Nick Bilton on the curious case of sharing on Facebook:

Every Sunday morning, I started sharing my weekly column with this newfound entourage. Those garnered a good response. For example, a column about my 2012 New Year’s resolution to take a break from electronics gathered 535 “likes” and 53 “reshares.” Another, about Mark Zuckerberg, Facebook’s founder and chief executive, owing me $50 after the company’s public offering, quickly drew 323 likes and 88 reshares.

Since then, my subscribers have grown to number 400,000. Yet now, when I share my column, something different happens. Guess how many people like and reshare the links I post?

If your answer was more than two digits long, you’re wrong.

As a social media manager and researcher and as someone who spends thousands a year on Facebook ads for work, I can confirm that Facebook’s sharing algorithm changes a lot, has been all over the place the past year or so and that paying for ads — even small amounts like $10 — makes a huge difference in engagement and reach. The amounts of engagement that Bilton is seeing normally sounds low, however, and perhaps that is due to his content and not just the algorithm.

You don’t need to study social media to see that pictures, images and memes are what rules Facebook these days. This was not always the case, but in the last few years, sharing links has not gotten the same penetration as sharing photos and other visual content.

I believe this is for two reasons: Facebook’s Edgerank algorithm prioritizes visual content over written, and users prefer visual content or at least are more likely to notice it, click on it, like it and share it. Bilton’s own Facebook page bears this out. He shared a photo of himself with his dog at In-N-Out Burger that received about 30 times the engagement as a recent New York Times story of his. While we can all agree that Bilton’s writing is usually better content than him and his dog eating a cheap burger, Facebook friends and users feel differently, and Facebook’s algorithm prefers his smartphone photos to researched journalism pieces.

We have responded to this changing situation on Facebook by making a push to share more visual content on our Science News Magazine’s Facebook page. We will often share a great photo, image or illustration from a story and then provide a link to it in the caption on Facebook. This does significantly better than just sharing the story alone.

Facebook is always changing its algorithm, and as it currently stands, unless you pay money to sponsor an update that links to a story, you may not be getting great engagement or traffic out of it. The other issue I see with Bilton’s feed is that he doesn’t post that often. Posting daily on Facebook leads to more engagement per post. There is an upper limit to how often you should post to your Facebook page — roughly once every three hours — but Bilton is nowhere near hitting that limit.
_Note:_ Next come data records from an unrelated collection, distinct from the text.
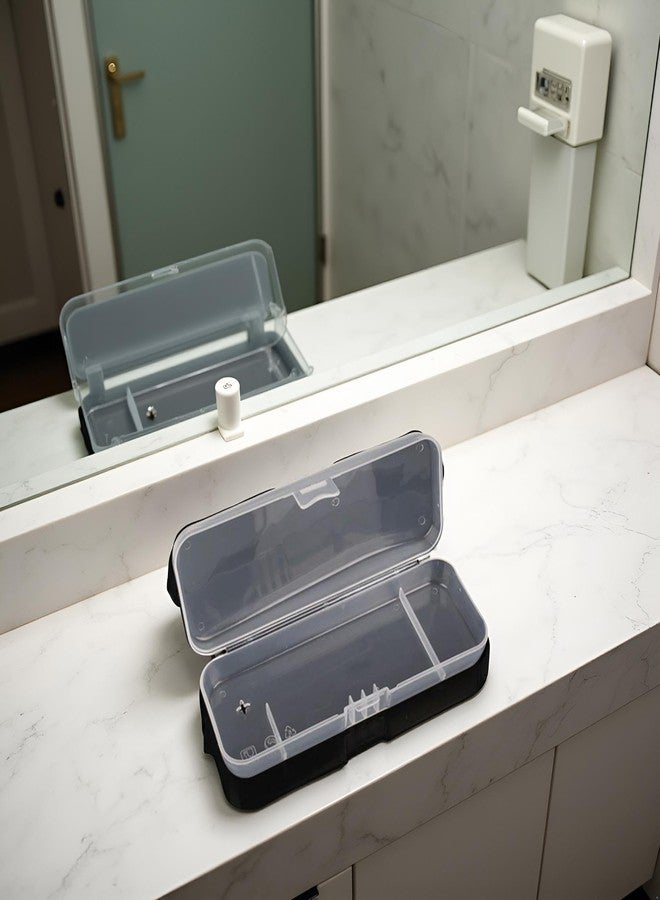 Jizlan 1Pc White Transparent Shaving Box for Shaver Razor, Razor Protector Plastic Box Cover Container Storage for Manual Razor System Shaver Accessories - Image 5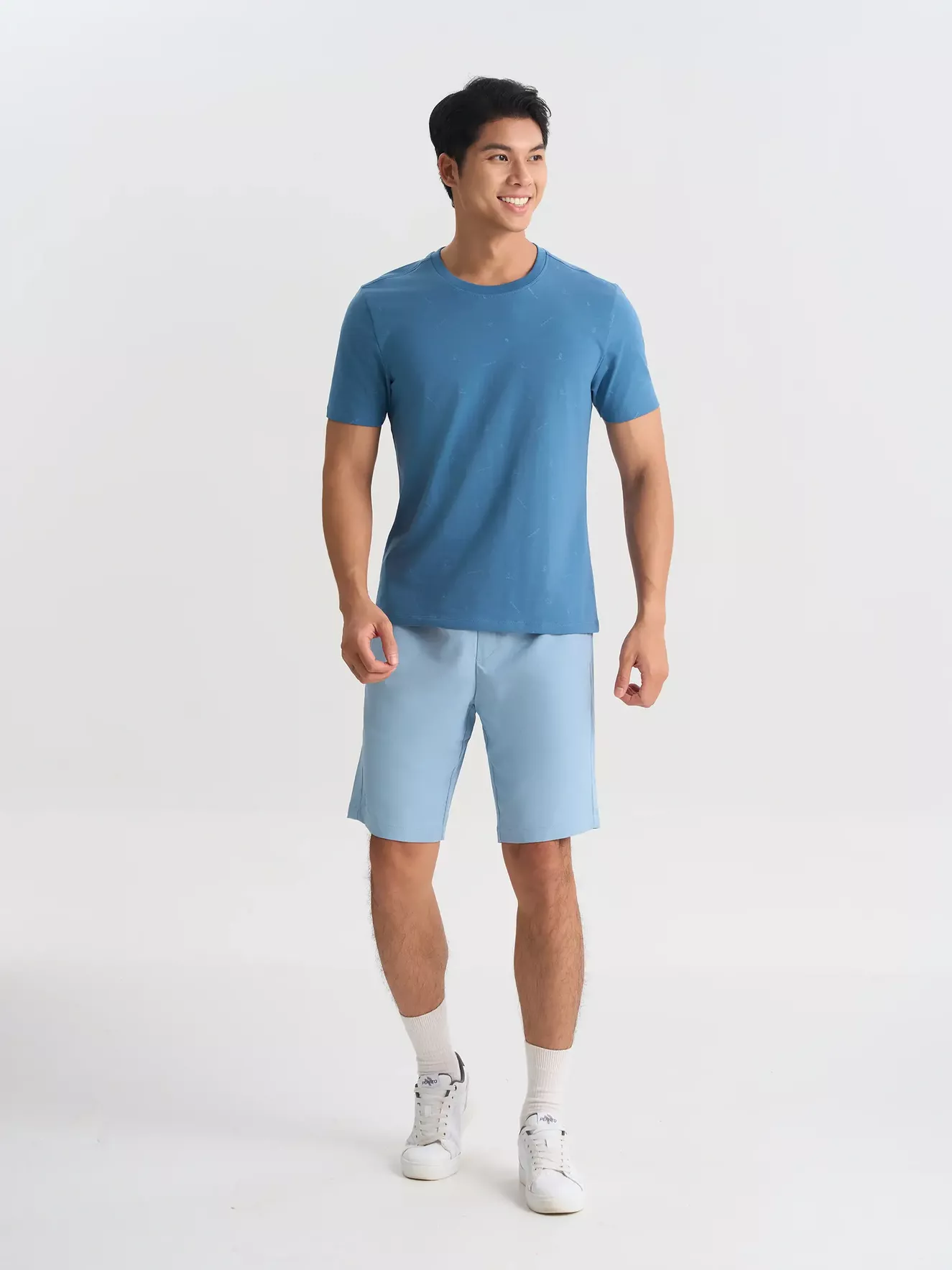 Áo Thun Nam 5S Fashion Họa Tiết Phom Slimfit ATS25057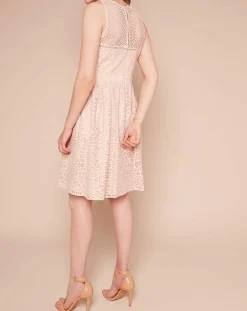 Robe Dico patineuse texturée rose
Now, as to the paid vs. organic engagement, well that is an issue. This gets to the heart of Facebook versus Twitter. On Twitter, you are normally shown every single tweet from the people you follow in your timeline. On Facebook, you are normally shown only the content that the Facebook algorithm deems the top content in your feed.
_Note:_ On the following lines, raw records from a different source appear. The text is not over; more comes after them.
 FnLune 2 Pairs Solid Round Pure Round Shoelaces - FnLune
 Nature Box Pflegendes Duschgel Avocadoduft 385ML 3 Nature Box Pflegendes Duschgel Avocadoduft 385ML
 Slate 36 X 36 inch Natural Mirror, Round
The algorithm works as a positive feedback loop. The more often you interact with someone’s content, the more often you see that person’s content and then the more often you will see it again in the future. This has resulted in people seeing updates from a small selection of the people they are friends with on Facebook, and is something that bugs me as I find it too limiting. Facebook users can switch their news feeds to show most recent content instead, similar to a Twitter feed, but this is not the default and few people change this.

I can’t confirm this, but I feel that Facebook switches back this preference for users, as mine always seem to end up back on top stories. In Facebook’s mind, top stories is a great way to show content from strong ties — family and close friends — while drowning out of the noise of some of your weaker ties. I don’t have an issue with prioritizing strong tie content over weak tie content, but I have not liked the mix on Facebook and believe it needs to sprinkle in more random content from my weak tie Facebook friends and pages.

Unfortunately, Facebook followers of journalists is the definition of a very weak tie (it’s not even a two-way tie like a normal Facebook friendship). As long as Facebook shows the top stories algorithm instead of just most recent content like Twitter, people like Bilton are going to continue to see lower engagement than expected.

So, why does paying help this situation? Paying to make sure your content is shown to your followers and friends means that your content will be shown in someone’s news feed even if they have selected top stories and the algorithm would deem you too weak of a tie to show right now. What this is saying to Bilton is that his page is not deemed a top story driver for most of his followers.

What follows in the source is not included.